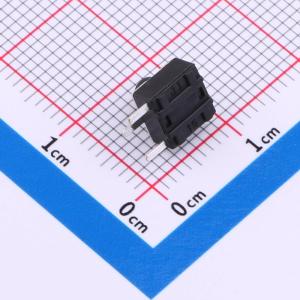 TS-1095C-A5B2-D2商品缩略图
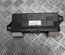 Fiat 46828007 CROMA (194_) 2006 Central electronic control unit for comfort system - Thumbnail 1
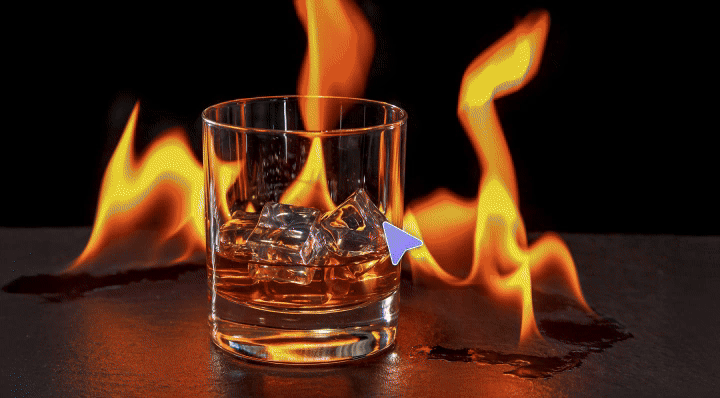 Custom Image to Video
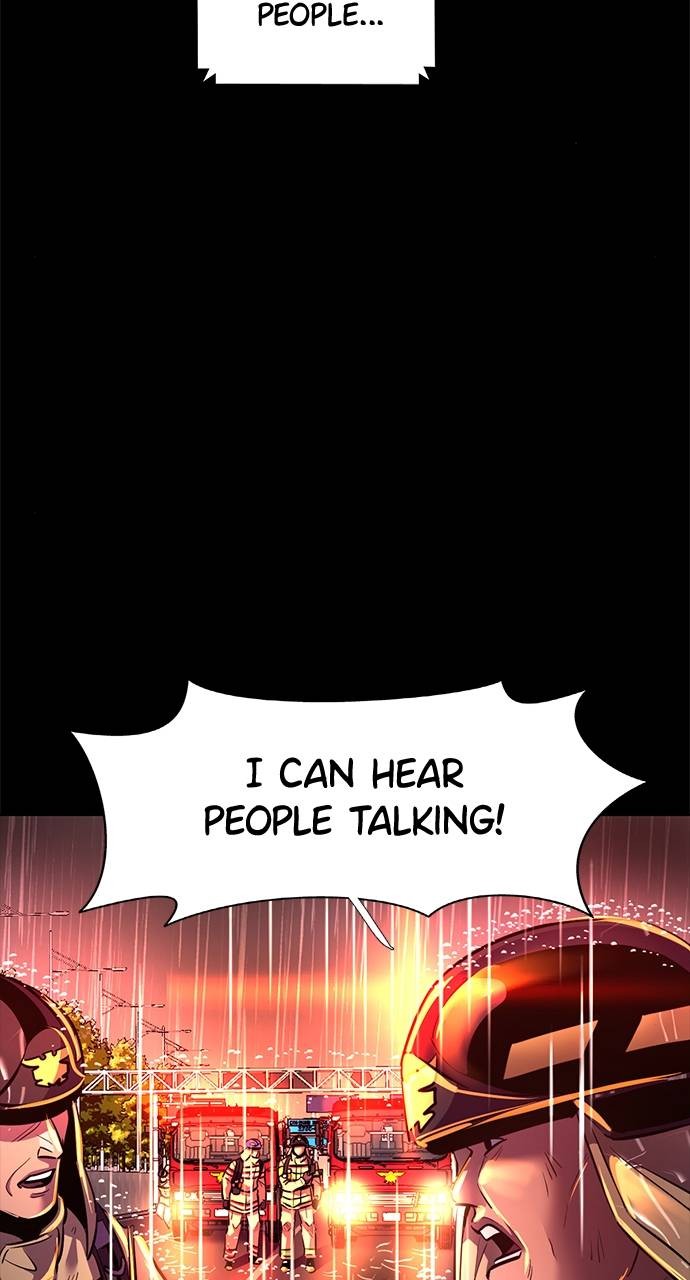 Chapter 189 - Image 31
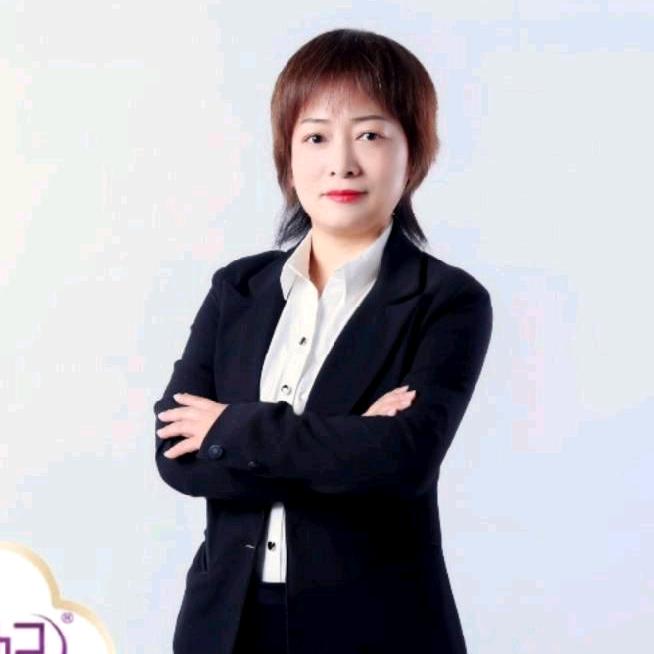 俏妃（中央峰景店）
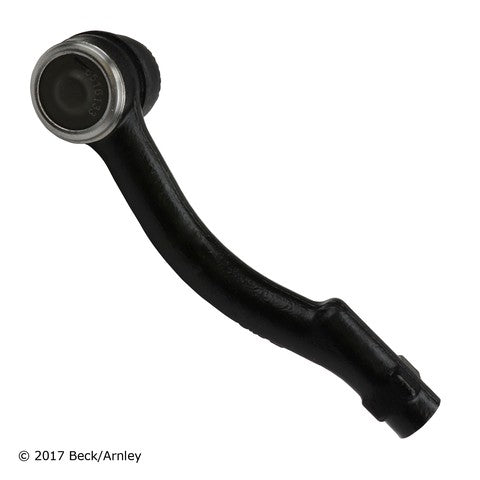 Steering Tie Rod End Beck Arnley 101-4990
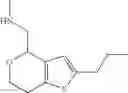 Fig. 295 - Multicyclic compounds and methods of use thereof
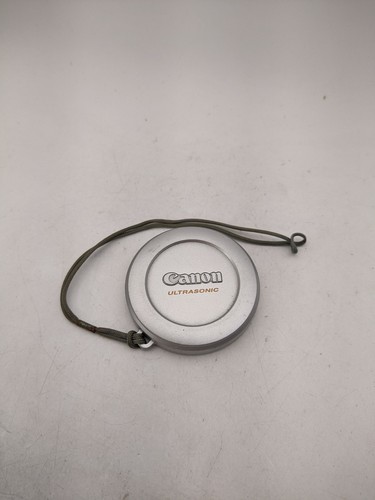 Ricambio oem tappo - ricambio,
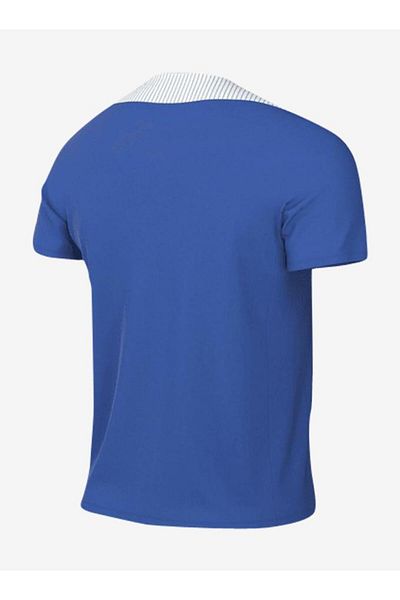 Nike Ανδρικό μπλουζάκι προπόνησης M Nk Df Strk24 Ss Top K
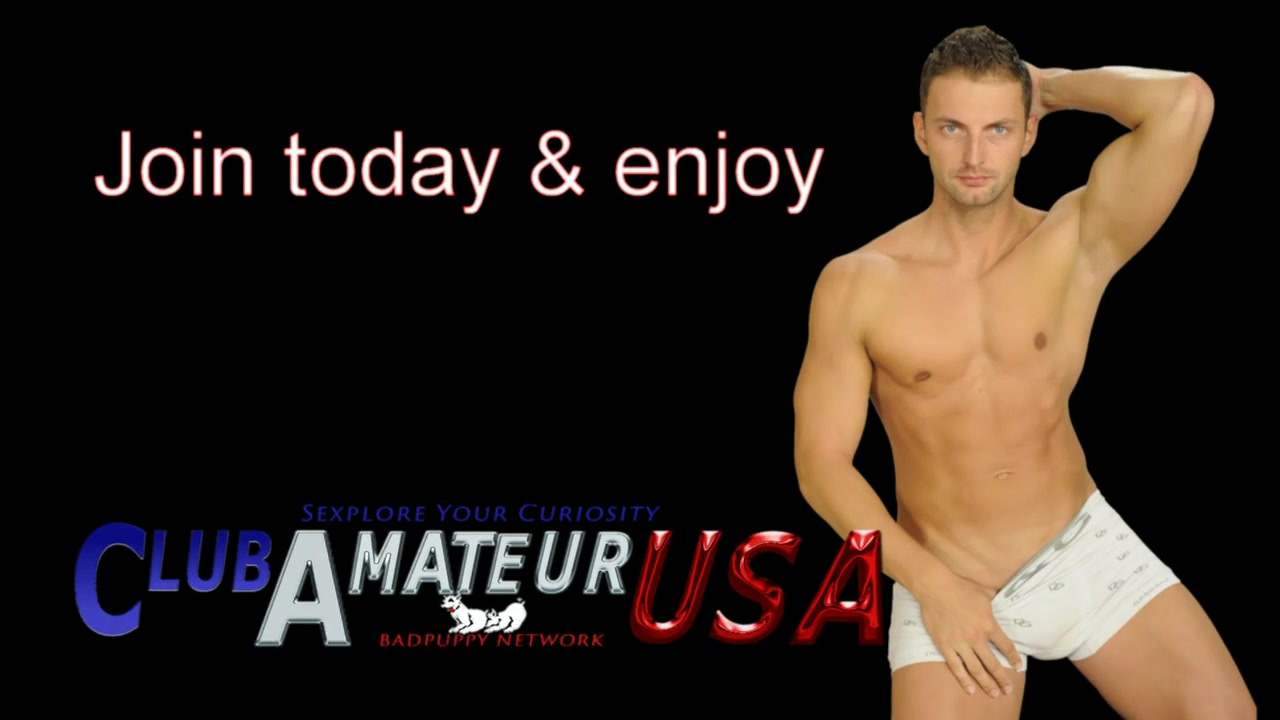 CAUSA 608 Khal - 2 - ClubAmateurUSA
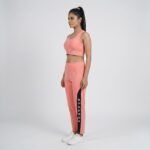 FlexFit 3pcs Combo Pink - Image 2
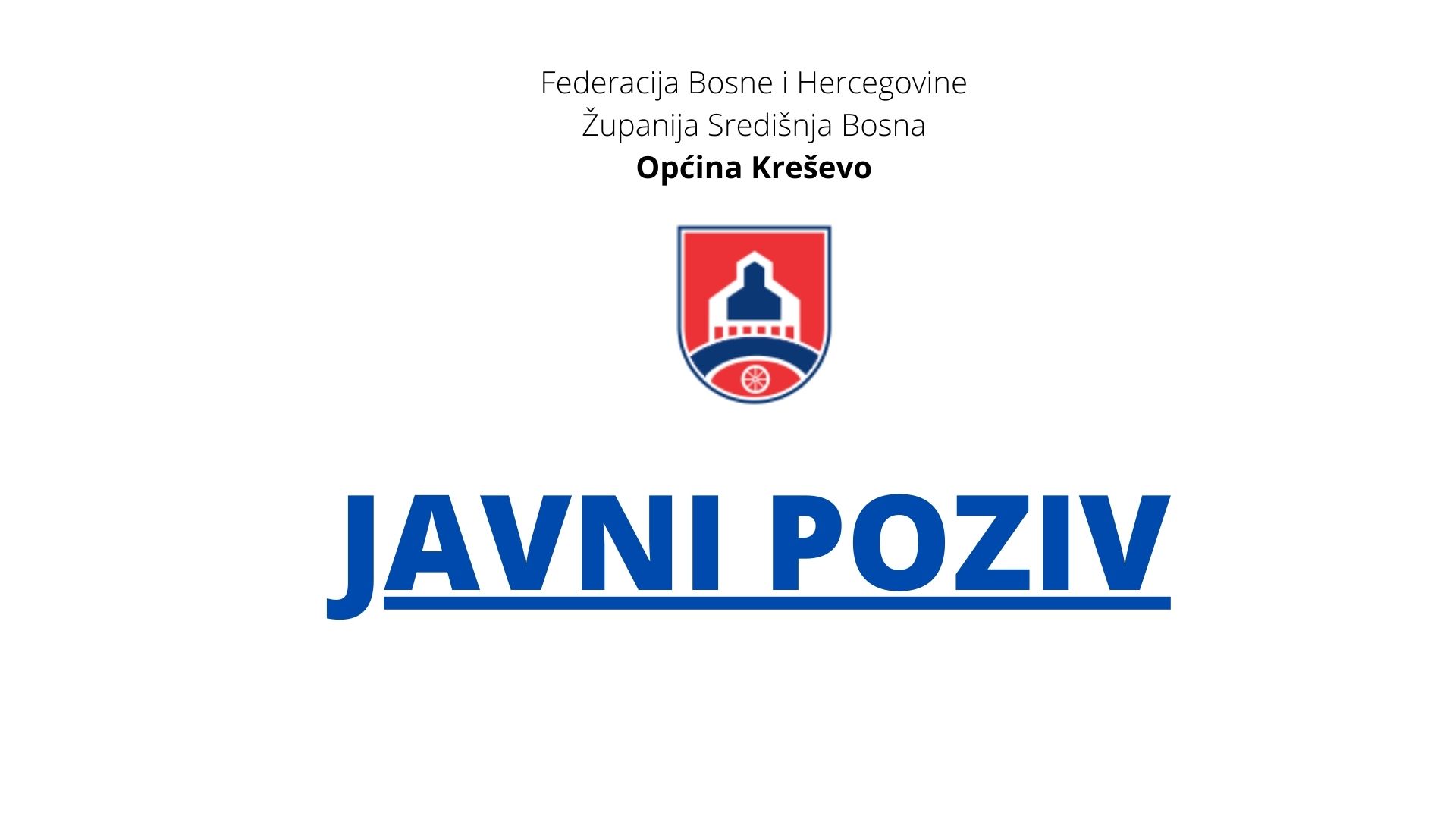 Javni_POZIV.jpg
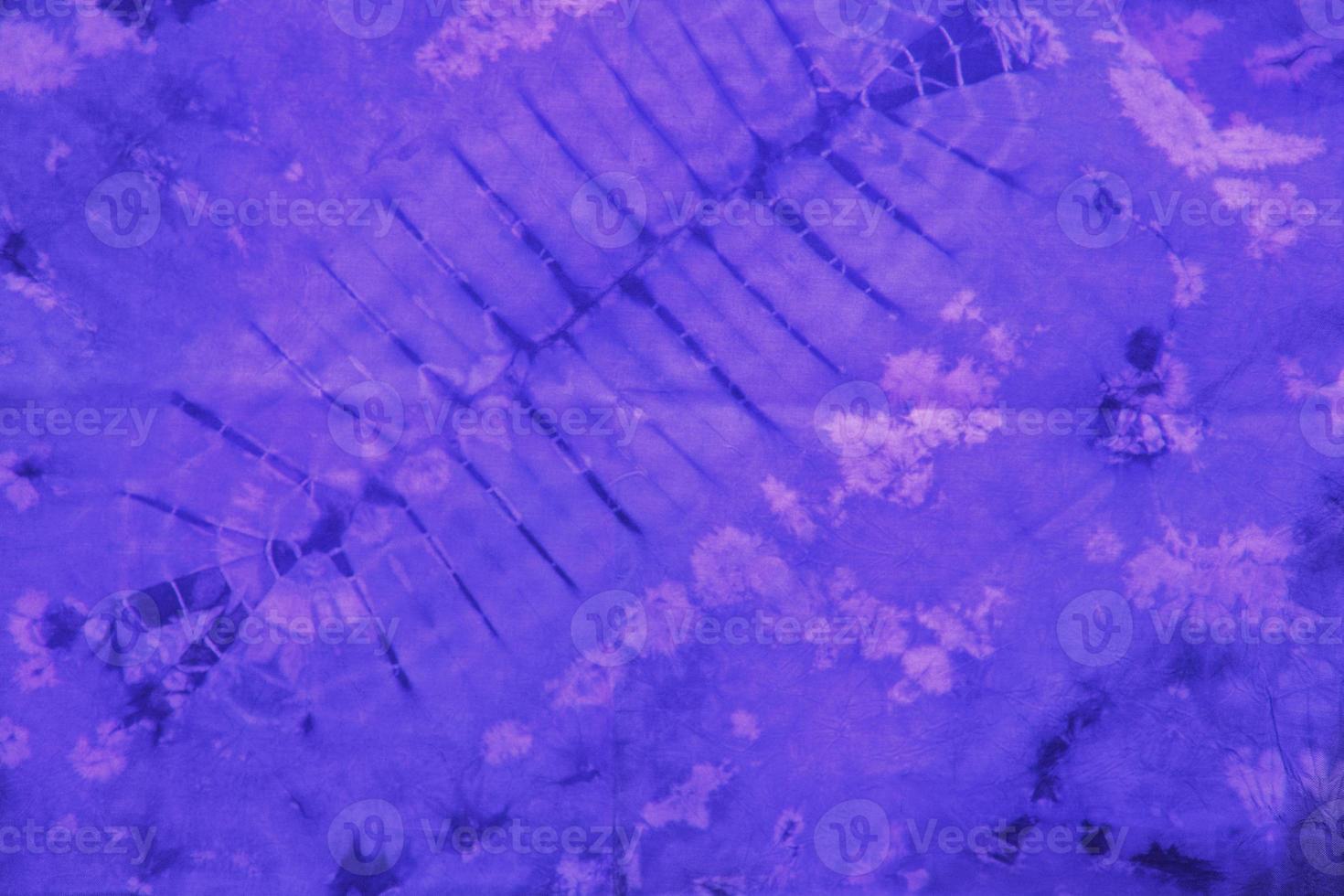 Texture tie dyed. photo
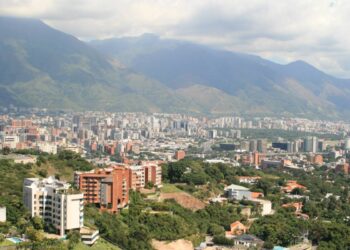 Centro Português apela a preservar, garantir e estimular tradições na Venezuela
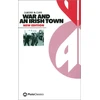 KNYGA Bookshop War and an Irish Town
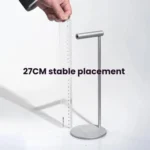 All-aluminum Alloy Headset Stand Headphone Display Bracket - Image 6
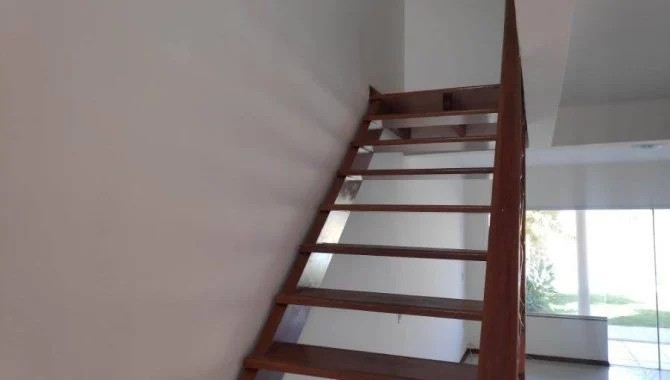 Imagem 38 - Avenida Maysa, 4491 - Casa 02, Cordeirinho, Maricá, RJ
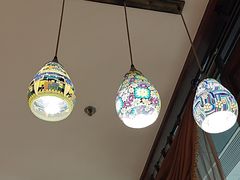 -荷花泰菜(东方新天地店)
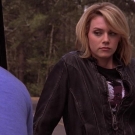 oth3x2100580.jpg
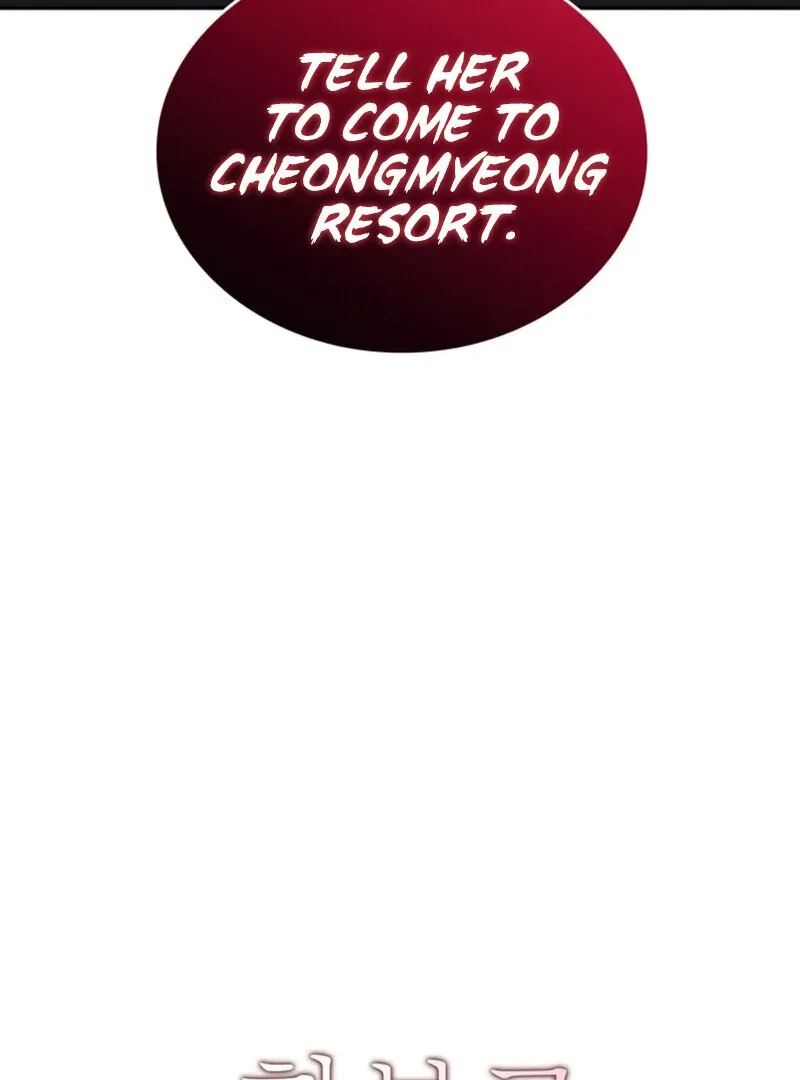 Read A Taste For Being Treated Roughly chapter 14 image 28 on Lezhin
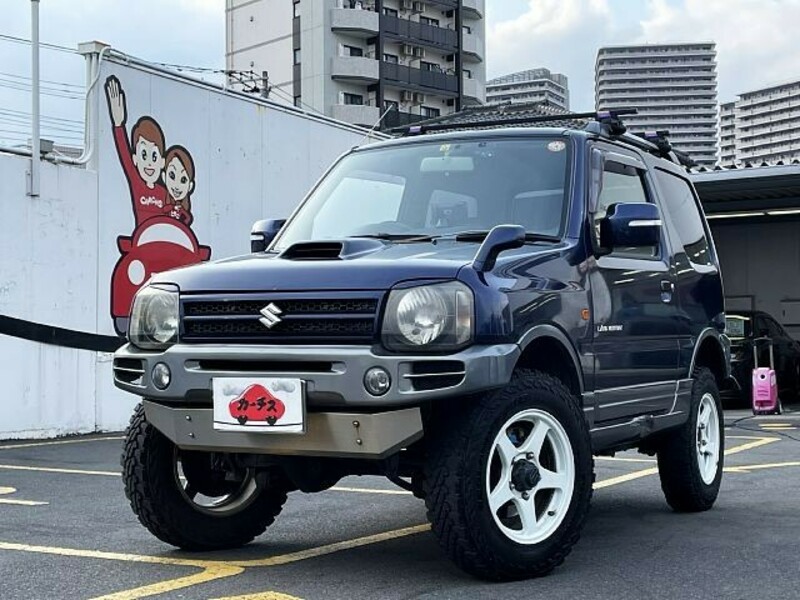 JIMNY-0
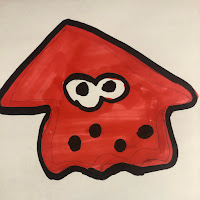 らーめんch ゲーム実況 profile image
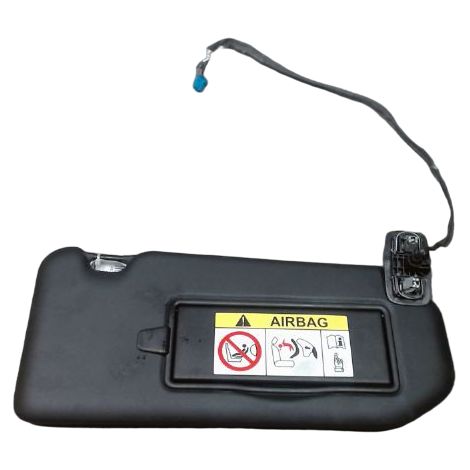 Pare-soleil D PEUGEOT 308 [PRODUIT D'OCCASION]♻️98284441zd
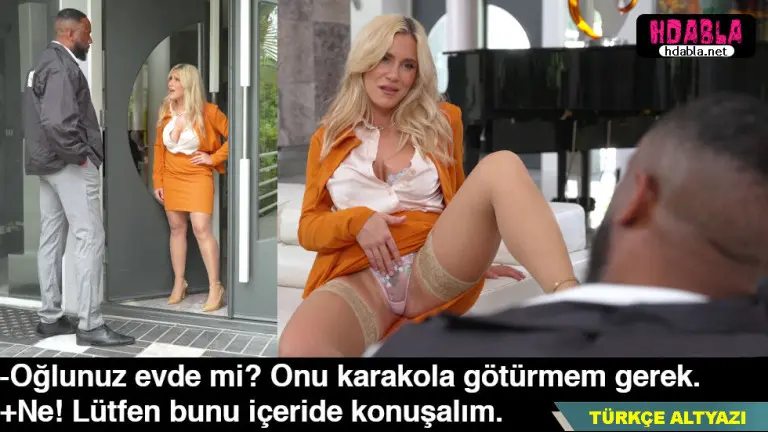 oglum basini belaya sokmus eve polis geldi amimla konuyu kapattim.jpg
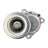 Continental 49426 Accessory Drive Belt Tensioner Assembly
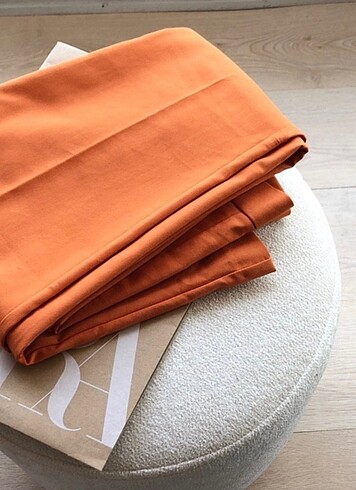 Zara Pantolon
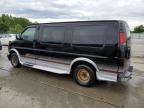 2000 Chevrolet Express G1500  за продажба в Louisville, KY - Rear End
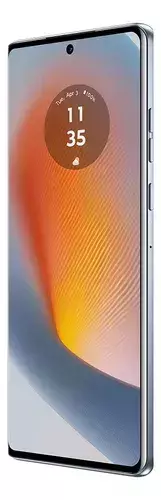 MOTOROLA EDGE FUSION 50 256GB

:: About this task ::
Copy out the listing above from the line containing "Read A Taste" to the line containing "Zara Pantolon", both included, exactly as written and minus the images.

:: Answer to this task ::
 Read A Taste For Being Treated Roughly chapter 14 image 28 on Lezhin
 JIMNY-0
 らーめんch ゲーム実況 profile image
 Pare-soleil D PEUGEOT 308 [PRODUIT D'OCCASION]♻️98284441zd
 oglum basini belaya sokmus eve polis geldi amimla konuyu kapattim.jpg
 Continental 49426 Accessory Drive Belt Tensioner Assembly
 Zara Pantolon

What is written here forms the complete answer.